- _GIVEN RECORDS_
□ □ □ □ □

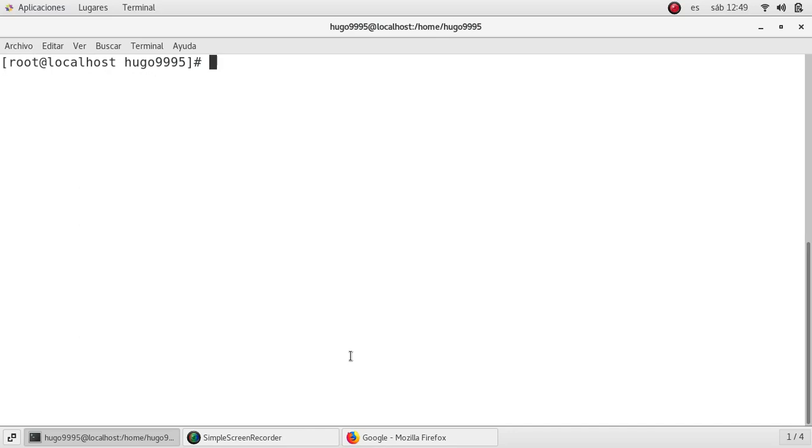So the first step is to check that my Docker daemon is running. For doing that I'm going to type systemctl status docker.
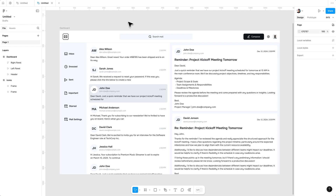Hey everyone, in this tutorial I will show you how to make a responsive email template in Figma. No matter if you are designing for desktop, tablets, or mobile screens, Figma makes it simple to create a layout that adjusts to different screen sizes.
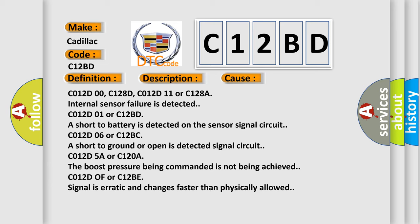C012D01 or C12BD: short to battery is detected on the sensor signal circuit. C012D06 or C12BC: short to ground or open is detected signal circuit. C012D5A or C120A: The boost pressure being commanded is not being achieved. C012D0F or C12BE: signal is erratic and changes faster than physically allowed.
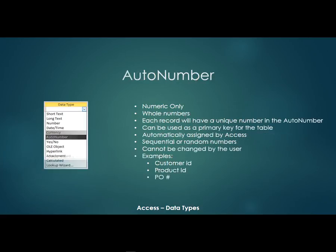Now next we have a data type that's called an auto number. So the auto number, those are going to be always numbers and they'll be whole numbers. And each record will have a unique number in the auto number field. So they can be used as a primary key. So maybe the first record would have the value one and the second record would have the value two and so on.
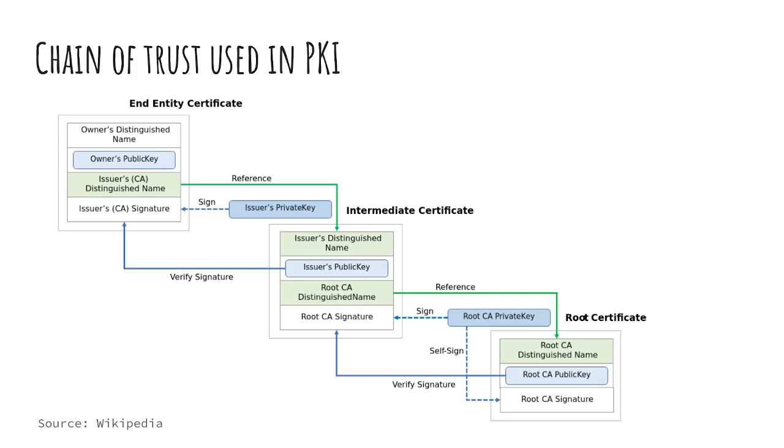And then you have some of the self signs. They provide the encryption, but no trust.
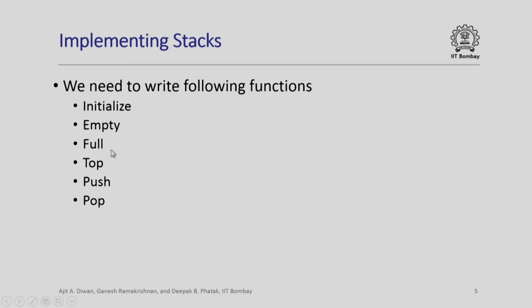At any point in time we must have access to the top element of the stack. And finally, the two important activities of either pushing an element on top of stack or popping an element out of stack.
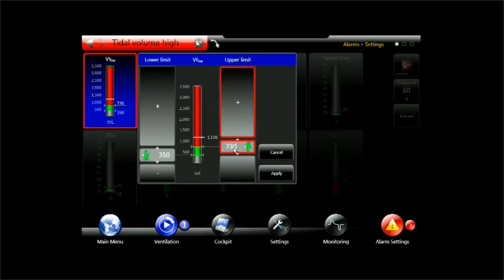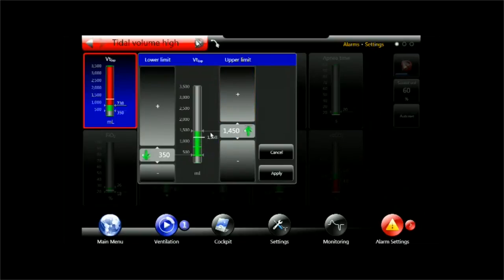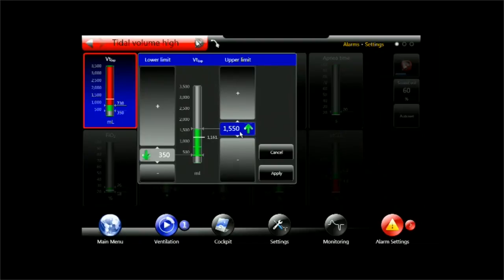I want to set the upper limit above the current value. So here we see the current value, 1160 milliliters tidal volume. So I want to be somewhat above that range.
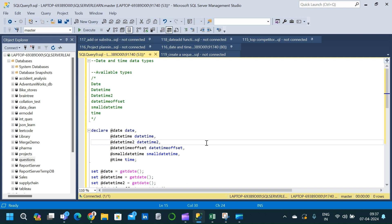Welcome to Data Project Hub. In this video we will see what are the different date and time data types in SQL. This is important because there are different ways in which we represent date and time in our database, and it is important to know what are the different components shown in each of the different date and time data types so that we can do lots of transformations with respect to that particular column.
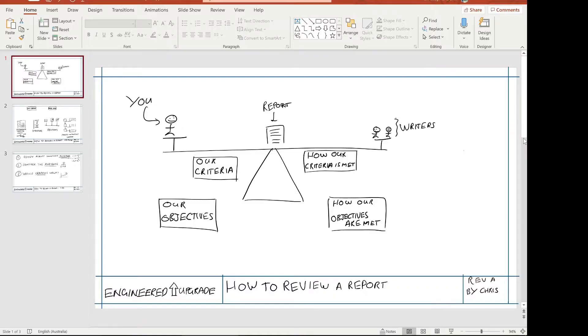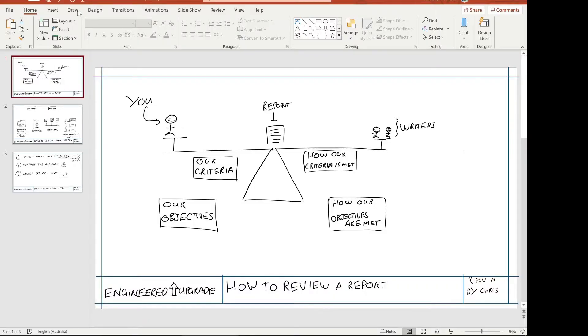What I've got on the screen here is the basics of our tool. I call it the check and balance tool, where we look at what our objectives are, we define our criteria for meeting those objectives, and then we examine the report to see how it meets our criteria and our objectives.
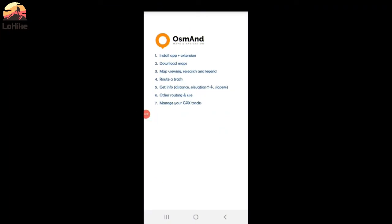Hi guys, today I will show you an app that I really love for my hiking, it's OsmAnd. This app is available on iPhone or Android, so I will show you on a Samsung, but it's also available on other platforms.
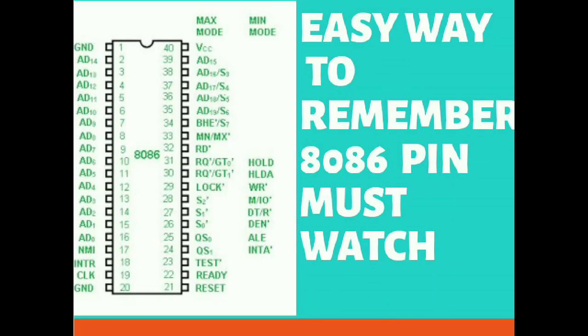Hi guys, today we are going to discuss how to memorize the pins of 8086 microprocessor in maximum mode.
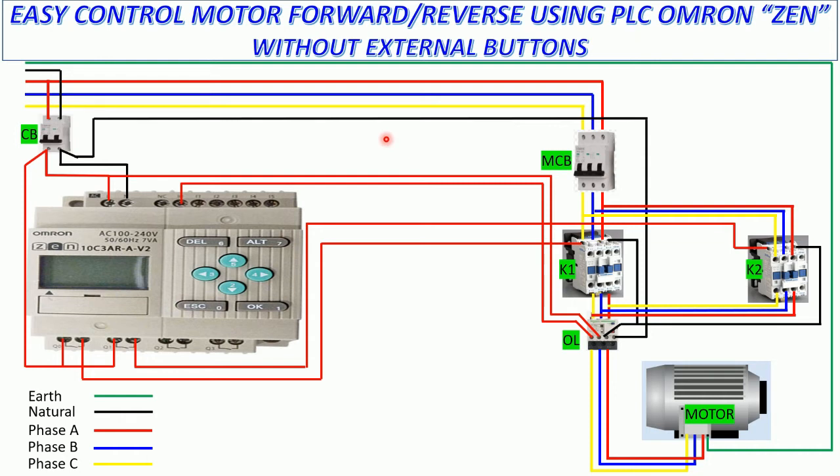But in this video I would like to share about how to start and stop the motor by not using the external buttons. It means that we can use the internal button in the PLC OMRON to start and stop the motor forward and reverse.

□ □ □ □ □

- _WORK TO COMPLETE_
Your copy should hold exactly and only the lines from the one containing "Hi guys, today we" through the end of the material, inclusive, repeated word for word and without pictures.

- _RESPONSE AREA_
Hi guys, today we are going to discuss how to memorize the pins of 8086 microprocessor in maximum mode.
But in this video I would like to share about how to start and stop the motor by not using the external buttons. It means that we can use the internal button in the PLC OMRON to start and stop the motor forward and reverse.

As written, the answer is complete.